Single-family data collection began monthly in 1968, while condo data collection began quarterly in 1981; the series were combined in 1999 when monthly collection of condo data began. Prior to this period, single-family homes accounted for more than nine out of 10 purchases. Historic comparisons for total home sales prior to 1999 are based on monthly single-family sales, combined with the corresponding quarterly sales rate for condos.
2Total inventory and month's supply data are available back through 1999, while single-family inventory and month's supply are available back to 1982 (prior to 1999, single-family sales accounted for more than 90 percent of transactions and condos were measured only on a quarterly basis).
3The median price is where half sold for more and half sold for less; medians are more typical of market conditions than average prices, which are skewed higher by a relatively small share of upper-end transactions. The only valid comparisons for median prices are with the same period a year earlier due to seasonality in buying patterns. Month-to-month comparisons do not compensate for seasonal changes, especially for the timing of family buying patterns. Changes in the composition of sales can distort median price data. Year-ago median and mean prices sometimes are revised in an automated process if additional data is received.

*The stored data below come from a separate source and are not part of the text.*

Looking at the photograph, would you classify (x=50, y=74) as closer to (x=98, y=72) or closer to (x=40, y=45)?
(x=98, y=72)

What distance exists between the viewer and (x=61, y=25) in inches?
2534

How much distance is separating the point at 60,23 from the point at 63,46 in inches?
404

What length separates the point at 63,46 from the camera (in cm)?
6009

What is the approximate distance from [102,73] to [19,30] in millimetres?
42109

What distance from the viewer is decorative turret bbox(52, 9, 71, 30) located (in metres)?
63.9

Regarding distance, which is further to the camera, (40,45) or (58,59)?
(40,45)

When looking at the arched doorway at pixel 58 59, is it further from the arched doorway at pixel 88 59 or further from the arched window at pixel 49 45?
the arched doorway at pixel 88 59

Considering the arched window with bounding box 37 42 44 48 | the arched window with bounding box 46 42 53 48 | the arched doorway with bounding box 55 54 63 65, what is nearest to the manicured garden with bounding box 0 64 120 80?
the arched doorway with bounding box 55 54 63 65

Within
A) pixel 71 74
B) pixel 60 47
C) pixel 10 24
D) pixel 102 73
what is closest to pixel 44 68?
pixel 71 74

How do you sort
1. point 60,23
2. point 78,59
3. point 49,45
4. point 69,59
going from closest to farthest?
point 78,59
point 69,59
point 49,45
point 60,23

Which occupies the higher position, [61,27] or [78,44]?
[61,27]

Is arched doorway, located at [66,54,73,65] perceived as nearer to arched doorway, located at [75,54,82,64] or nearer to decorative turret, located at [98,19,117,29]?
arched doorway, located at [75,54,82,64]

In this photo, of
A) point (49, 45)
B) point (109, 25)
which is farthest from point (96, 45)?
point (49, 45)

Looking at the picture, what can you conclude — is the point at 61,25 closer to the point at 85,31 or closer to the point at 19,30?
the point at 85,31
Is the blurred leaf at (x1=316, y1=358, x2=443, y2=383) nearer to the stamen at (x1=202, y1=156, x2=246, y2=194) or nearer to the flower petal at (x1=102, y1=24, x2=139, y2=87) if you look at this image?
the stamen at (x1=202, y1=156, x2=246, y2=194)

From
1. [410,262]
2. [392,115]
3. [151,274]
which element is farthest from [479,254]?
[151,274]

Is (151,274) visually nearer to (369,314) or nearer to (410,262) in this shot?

The national median condo/co-op price often is higher than the median single-family home price because condos are concentrated in higher-cost housing markets. However, in a given area, single-family homes typically sell for more than condos as seen in NAR's quarterly metro area price reports.
4Distressed sales (foreclosures and short sales), days on market, first-time buyers, all-cash transactions and investors are from a monthly survey for the NAR's Realtors® Confidence Index, posted at Realtor.org.